La elección judicial extraordinaria del pasado 1º de junio, fue vendida como una hazaña democrática. El oficialismo exaltó la supuesta participación ciudadana y celebró la “histórica” inclusión del pueblo en la conformación del Poder Judicial. Sin embargo, lo cierto es que esta elección fue un ejercicio fallido, confuso y profundamentecuestionable que revela más sobre los límites del actual modelo institucional que sobre sus supuestas virtudes.
El dato más contundente no está en los perfiles que resultaron electos, sino en el ínfimo porcentaje de personas que participó: apenas 1 de cada 10 electores acudió a las urnas, tan solo el 13% del padrón electoral. Esa cifra además de baja es alarmante.
Refleja la profunda desconexión que existe entre la ciudadanía y un proceso que, en teoría, buscaba empoderarla. Lejos de ser una fiesta democrática, la elección judicial estuvo marcada por la improvisación, la desinformación, el clientelismo y la subordinación al poder político.
En lugar de garantizar un voto informado, el sistema se diseñó como un laberinto. Se sometieron a votación más de 800 cargos judiciales: desde la Suprema Corte de Justicia de la Nación hasta juzgadores de distrito. Cada boleta tenía reglas distintas, formatos distintos, excepciones y códigos de color que confundieron incluso a personas con formación jurídica. ¿Cómo esperar entonces que la ciudadanía pudiera votar con plena conciencia?
La complejidad no fue el único problema. La falta de información oportuna, clara y accesible agravó el desconcierto. La campaña institucional llegó tarde y con escaso impacto. Además, la jornada electoral estuvo atravesada por una de las prácticas más corrosivas de nuestra vida pública: el uso de “acordeones oficiales”. Cientos de miles de personas acudieron a las urnas con listas preimpresas de nombres, distribuidas por operadores del partido en el poder. Esa práctica convirtió el sufragio en una extensión de la voluntad oficial. El voto dejó de ser libre y razonado para volverse obediente y dirigido.
Los resultados confirman este patrón. La nueva integración de la Corte, del Tribunal de Disciplina Judicial y de otras instancias refleja una preocupante concentración de perfiles cercanos al oficialismo. Muchos de ellos fueron promovidos explícitamente por el Ejecutivo federal y sus operadores. Algunos tienen trayectorias cuestionables o vínculos con estructuras de poder religioso o criminal.
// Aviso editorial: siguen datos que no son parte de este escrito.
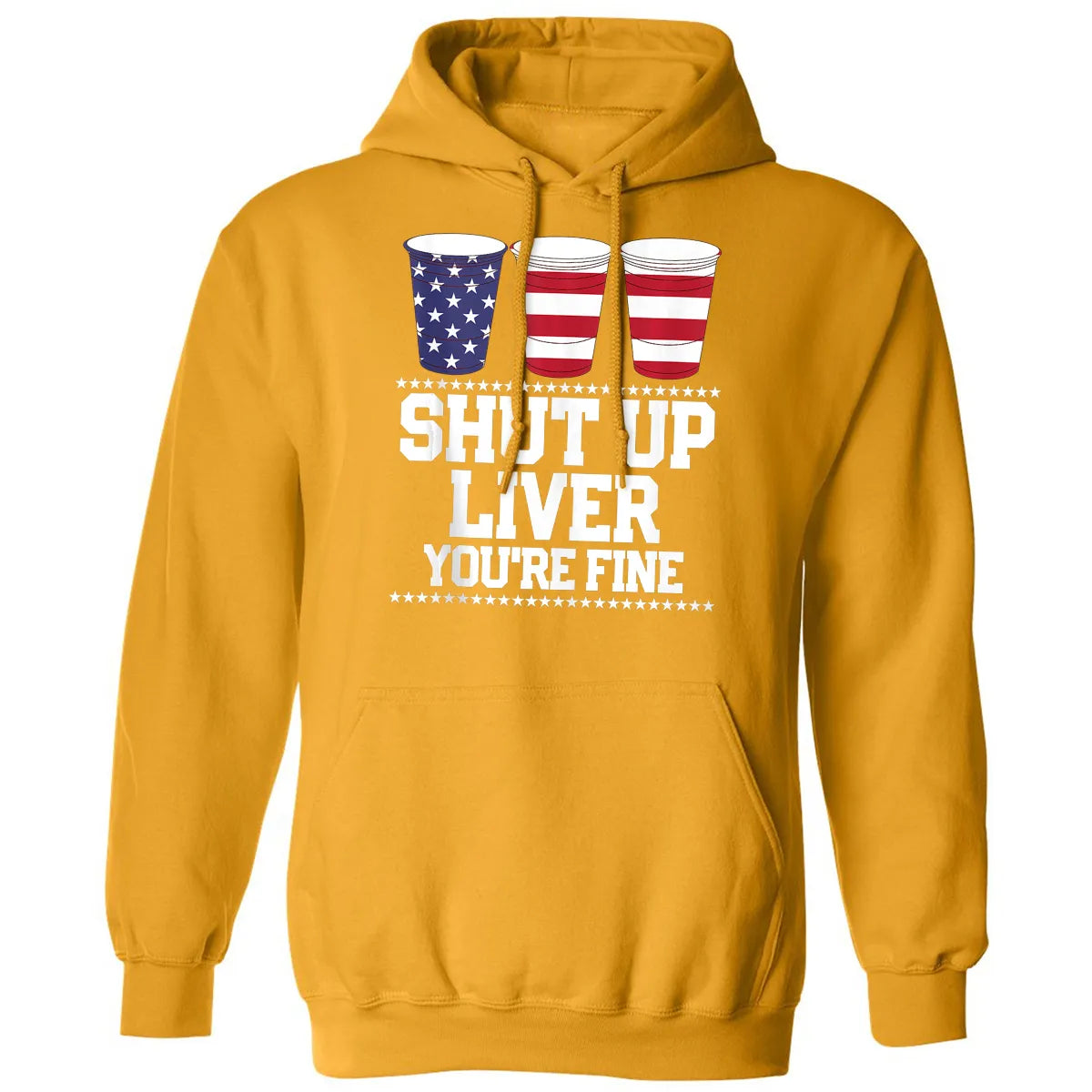 Classic Unisex Hoodie - RLB845E5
Al menos 133 cargos fueron ocupados por personas que no enfrentaron competencia real, seleccionadas por sorteo en el Senado y colocadas directamente en las boletas. ¿Democracia? Difícil llamarla así. Más difícil aún hablar de legitimidad democrática.
La Misión de Observación Electoral de la OEA no tardó en advertir que este modelo no garantiza ni independencia ni imparcialidad judicial. En su informe preliminar la OEA señala la necesidad urgente de rediseñar el sistema, establecer criterios técnicos y éticos para las candidaturas y reforzar la transparencia. Frente a ello, la respuesta del gobierno mexicano fue la descalificación. Se prefirió sostener una narrativa de éxito antes que asumir la gravedad del momento.
El camino hacia 2027 no puede construirse sobre la negación. Si este modelo de elección llegó para quedarse, debe transformarse desde sus cimientos. No todas las figuras judiciales deben ser electas por voto popular, y ninguna puede estar sujeta a la lógica clientelar. Necesitamos reglas claras, información suficiente, vigilancia independiente y una ciudadanía empoderada, no confundida ni instrumentalizada. Porque cuando la imparcialidad se sustituye por obediencia, cuando la meritocracia cede ante la cuota, y cuando la ciudadanía es abandonada frente al laberinto electoral y las decisiones ya están tomadas, muere la justicia constitucional.